Earlier this year we caught up with Julia Grace, who is Slack’s senior director of infrastructure engineering. Signing on in 2015, she was quickly promoted to the senior role, building her engineering team to 75 people in the two years since signing on. Prior to Slack, she co-founded Tindie, a marketplace for maker goods, and spent time at IBM Research. We spoke with her about rapid scalability, the cloud versus in-house computing, diversity and other topics.
What was your general area of specialization when you studied computer science in college?
I’ve always been really fascinated by the intersection of humans and computers. And so I always find it really interesting: how do we build systems. I went to graduate school during the rise of Facebook, and so there was this really interesting challenge of building a huge, huge scale application, but then looking at usage and understanding patterns across those applications and how they can facilitate communities and conversation and communication.

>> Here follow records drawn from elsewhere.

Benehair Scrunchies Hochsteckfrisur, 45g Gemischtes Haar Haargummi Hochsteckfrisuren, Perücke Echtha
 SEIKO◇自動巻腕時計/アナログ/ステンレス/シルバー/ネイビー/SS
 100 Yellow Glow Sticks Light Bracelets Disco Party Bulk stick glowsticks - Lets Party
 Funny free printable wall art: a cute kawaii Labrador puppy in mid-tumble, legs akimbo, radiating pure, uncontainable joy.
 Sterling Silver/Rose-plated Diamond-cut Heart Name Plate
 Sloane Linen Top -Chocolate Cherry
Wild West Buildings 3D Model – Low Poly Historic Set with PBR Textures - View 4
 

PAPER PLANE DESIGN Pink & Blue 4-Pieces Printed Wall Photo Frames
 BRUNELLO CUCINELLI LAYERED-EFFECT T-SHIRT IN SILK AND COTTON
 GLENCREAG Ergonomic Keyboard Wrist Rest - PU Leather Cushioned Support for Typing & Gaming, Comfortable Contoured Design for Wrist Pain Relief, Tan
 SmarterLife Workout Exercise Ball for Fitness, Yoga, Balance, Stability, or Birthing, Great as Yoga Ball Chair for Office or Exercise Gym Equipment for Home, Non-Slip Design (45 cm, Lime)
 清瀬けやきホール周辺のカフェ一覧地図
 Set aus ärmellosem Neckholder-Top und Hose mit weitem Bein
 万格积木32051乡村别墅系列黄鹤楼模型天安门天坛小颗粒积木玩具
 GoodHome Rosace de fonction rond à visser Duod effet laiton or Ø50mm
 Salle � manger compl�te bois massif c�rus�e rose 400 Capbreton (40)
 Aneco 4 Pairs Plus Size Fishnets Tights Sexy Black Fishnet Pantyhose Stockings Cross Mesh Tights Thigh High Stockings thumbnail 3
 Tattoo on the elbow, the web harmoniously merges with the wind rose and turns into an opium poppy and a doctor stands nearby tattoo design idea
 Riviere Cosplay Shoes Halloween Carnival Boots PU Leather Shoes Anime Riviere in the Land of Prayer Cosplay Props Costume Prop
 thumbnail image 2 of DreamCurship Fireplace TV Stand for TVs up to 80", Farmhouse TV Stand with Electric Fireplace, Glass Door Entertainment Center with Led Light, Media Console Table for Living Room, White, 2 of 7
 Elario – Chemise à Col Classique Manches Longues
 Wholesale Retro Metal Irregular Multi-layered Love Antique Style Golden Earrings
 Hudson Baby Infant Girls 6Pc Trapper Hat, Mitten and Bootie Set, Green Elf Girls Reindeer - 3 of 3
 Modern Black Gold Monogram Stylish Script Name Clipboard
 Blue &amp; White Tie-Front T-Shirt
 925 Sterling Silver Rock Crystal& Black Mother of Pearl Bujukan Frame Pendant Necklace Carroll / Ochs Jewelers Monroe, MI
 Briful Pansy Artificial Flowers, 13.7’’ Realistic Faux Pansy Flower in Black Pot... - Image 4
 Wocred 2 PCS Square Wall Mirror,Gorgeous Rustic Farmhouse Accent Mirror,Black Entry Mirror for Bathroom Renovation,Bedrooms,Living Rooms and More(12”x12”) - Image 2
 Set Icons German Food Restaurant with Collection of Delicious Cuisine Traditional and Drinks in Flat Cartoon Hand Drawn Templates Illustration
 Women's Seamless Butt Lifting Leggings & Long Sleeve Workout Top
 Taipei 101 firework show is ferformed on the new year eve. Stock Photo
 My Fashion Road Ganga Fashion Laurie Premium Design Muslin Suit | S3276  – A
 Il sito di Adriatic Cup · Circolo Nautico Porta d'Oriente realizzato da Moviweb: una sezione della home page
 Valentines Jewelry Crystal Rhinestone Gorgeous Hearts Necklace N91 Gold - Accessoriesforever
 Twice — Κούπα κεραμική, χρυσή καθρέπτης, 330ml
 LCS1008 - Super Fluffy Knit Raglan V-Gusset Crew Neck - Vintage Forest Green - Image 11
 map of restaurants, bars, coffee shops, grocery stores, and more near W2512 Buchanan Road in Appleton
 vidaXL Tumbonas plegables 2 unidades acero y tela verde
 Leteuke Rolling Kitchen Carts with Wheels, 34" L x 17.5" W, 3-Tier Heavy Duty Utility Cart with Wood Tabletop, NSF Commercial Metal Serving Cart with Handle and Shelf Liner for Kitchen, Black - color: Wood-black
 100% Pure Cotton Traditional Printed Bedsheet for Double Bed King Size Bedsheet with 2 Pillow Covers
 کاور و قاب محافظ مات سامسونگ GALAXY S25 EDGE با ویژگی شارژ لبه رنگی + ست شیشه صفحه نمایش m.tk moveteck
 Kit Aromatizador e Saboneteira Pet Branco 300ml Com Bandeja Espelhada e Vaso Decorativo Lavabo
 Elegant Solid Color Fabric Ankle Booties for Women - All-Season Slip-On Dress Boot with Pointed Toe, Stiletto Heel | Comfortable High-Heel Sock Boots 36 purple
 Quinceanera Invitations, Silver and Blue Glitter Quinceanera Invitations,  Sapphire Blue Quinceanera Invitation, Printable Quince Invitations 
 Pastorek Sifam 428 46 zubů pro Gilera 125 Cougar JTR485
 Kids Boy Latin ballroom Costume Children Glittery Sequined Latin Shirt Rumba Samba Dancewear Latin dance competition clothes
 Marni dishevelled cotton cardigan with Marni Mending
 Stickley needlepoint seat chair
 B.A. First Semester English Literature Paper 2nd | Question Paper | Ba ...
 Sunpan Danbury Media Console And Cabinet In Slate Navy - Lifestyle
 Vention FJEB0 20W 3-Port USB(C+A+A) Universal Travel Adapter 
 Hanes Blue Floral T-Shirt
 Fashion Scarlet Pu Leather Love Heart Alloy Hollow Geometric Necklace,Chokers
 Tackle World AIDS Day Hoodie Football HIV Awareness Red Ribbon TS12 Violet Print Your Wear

When I was an undergraduate, even though I knew math and computer science was my calling, the other two areas that I spent a lot of time in was studying social psychology, so I took a lot of sociology and social psychology classes, and that was a subject that came very naturally. How do people communicate? How to understand power dynamics and groups and all these very fascinating attributes of how people communicate.
I’m on the East Coast. When you do computer science as a graduate student, many roads lead to California. So I get on I-40, I head west, I show up at IBM Research. We did so much really fascinating work. For example, we did an early paper and system for crawling and mining the data in MySpace, which was the social network at the time. We were able, in collecting and understanding sentiment, basically doing natural language processing. Building the systems to mine MySpace was incredibly difficult because the activity levels in MySpace at the time were just huge.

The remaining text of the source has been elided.